§ EXERCISE REQUIREMENTS:
Retyping should cover only the lines from the one containing "篮球一周训练计划方案表格_0" through the final line of the records, with pictures omitted.

<<<<

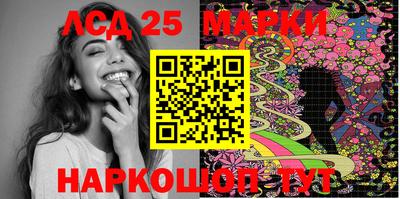 ECSTASY Сланцы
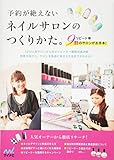 予約が絶えないネイルサロンのつくりかた。 ~リピート率9割のサロンがお手本! ~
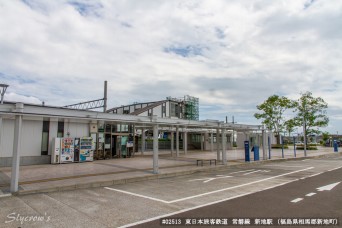 新地駅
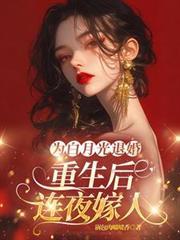 重生为白月光的替身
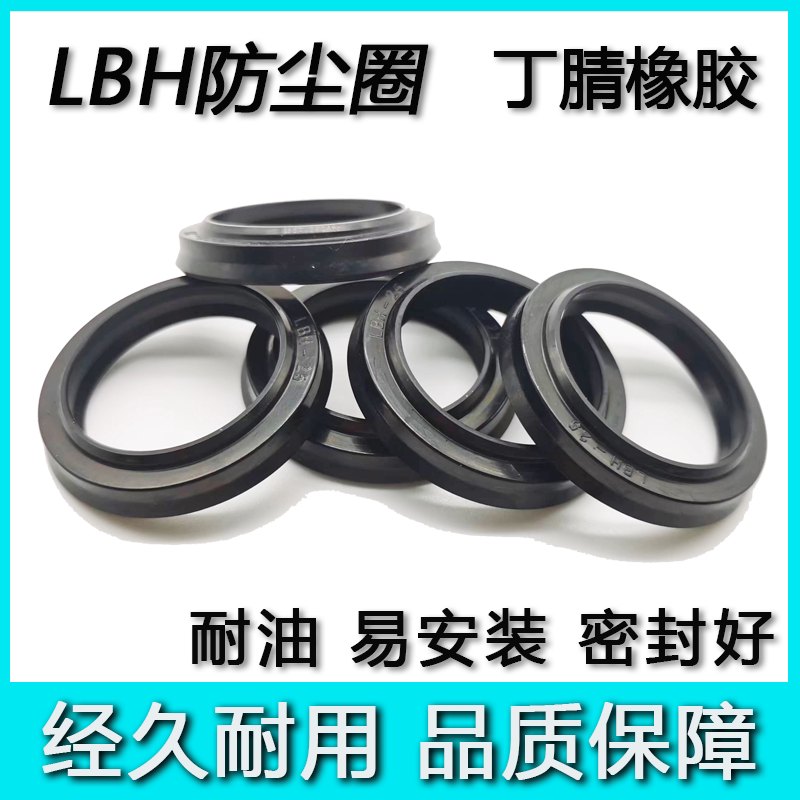 丁腈橡胶液压油缸防尘封LBH-35 35.5 36 38 40 45 48 50 53密封圈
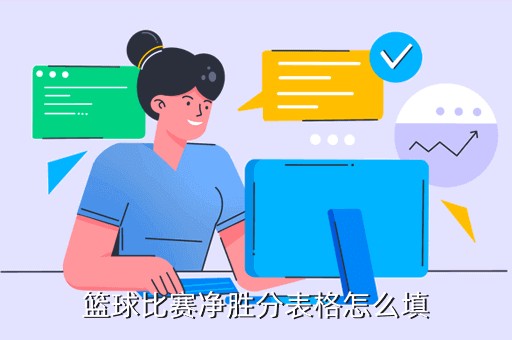 篮球一周训练计划方案表格_0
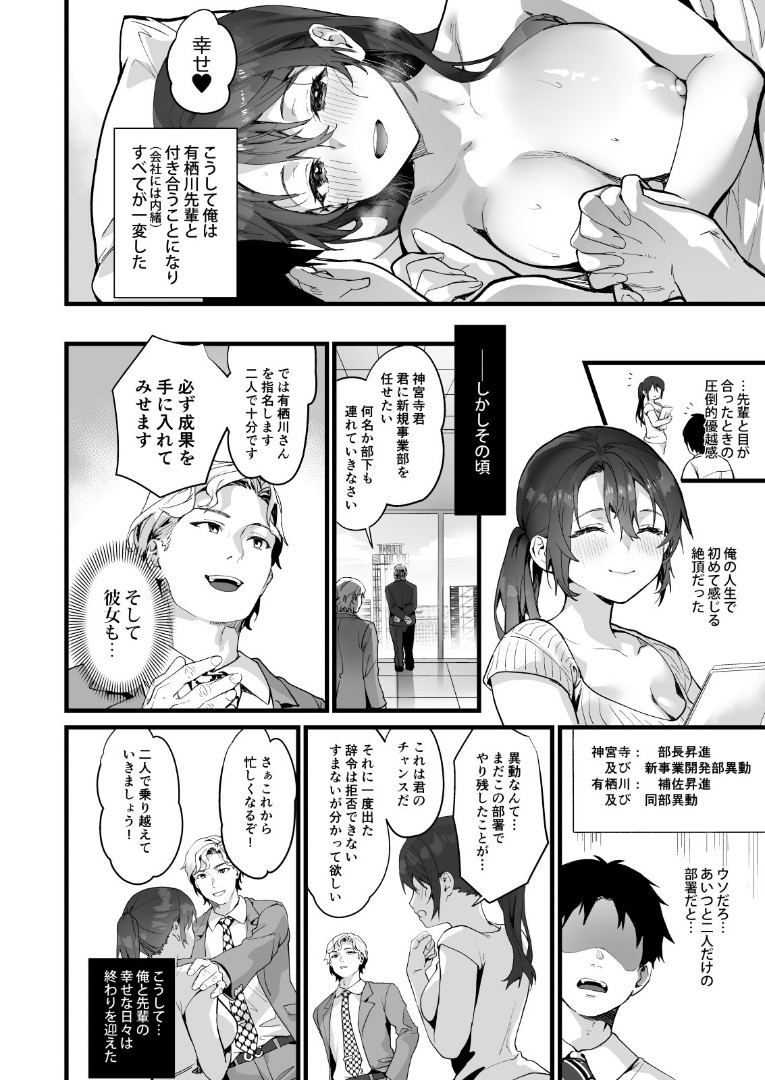 [sagejoh (sage joh)] Heisha Zenin Oshi de Ero Kyonyuu no Senpai Ore ni dake Amaama Ecchi de Mesu Kairaku Ochi image number 18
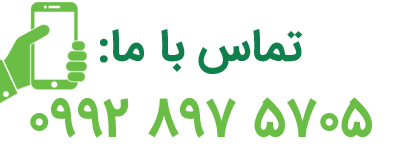 شماره تماس مشاور رسمی نیوشا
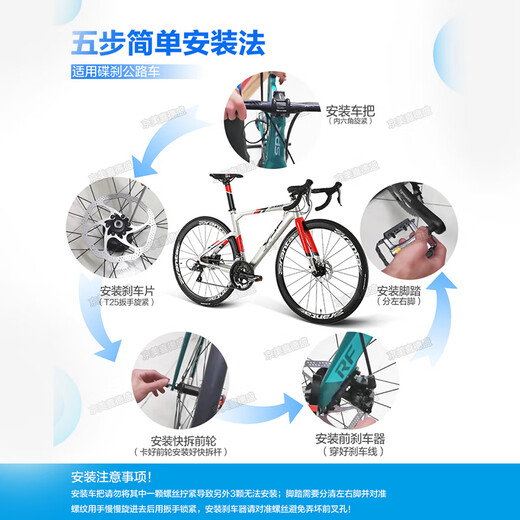 喜德盛（xds）rt180喜德盛rt180公路车喜德盛公路车公路自行车公路车自行车xds 曜石黑/灰 700Cx440mm|身高158-168cm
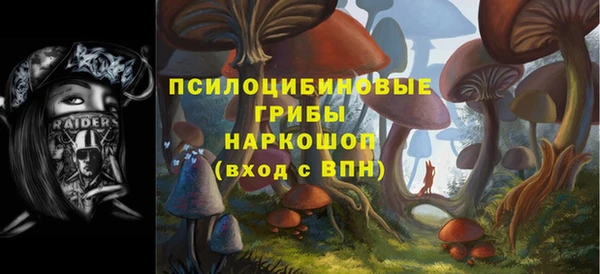 мефедрон Абинск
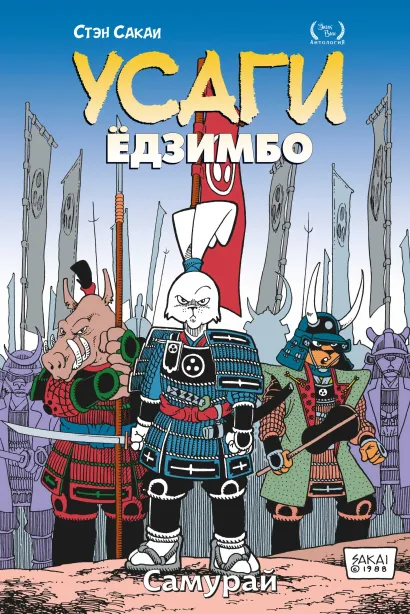 Обложка Усаги Ёдзимбо. Том 2. Самурай Стэн Сакаи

>>>>

§ RESPONSE TO THIS EXERCISE:
 篮球一周训练计划方案表格_0
 [sagejoh (sage joh)] Heisha Zenin Oshi de Ero Kyonyuu no Senpai Ore ni dake Amaama Ecchi de Mesu Kairaku Ochi image number 18
 شماره تماس مشاور رسمی نیوشا
 喜德盛（xds）rt180喜德盛rt180公路车喜德盛公路车公路自行车公路车自行车xds 曜石黑/灰 700Cx440mm|身高158-168cm
 мефедрон Абинск
 Обложка Усаги Ёдзимбо. Том 2. Самурай Стэн Сакаи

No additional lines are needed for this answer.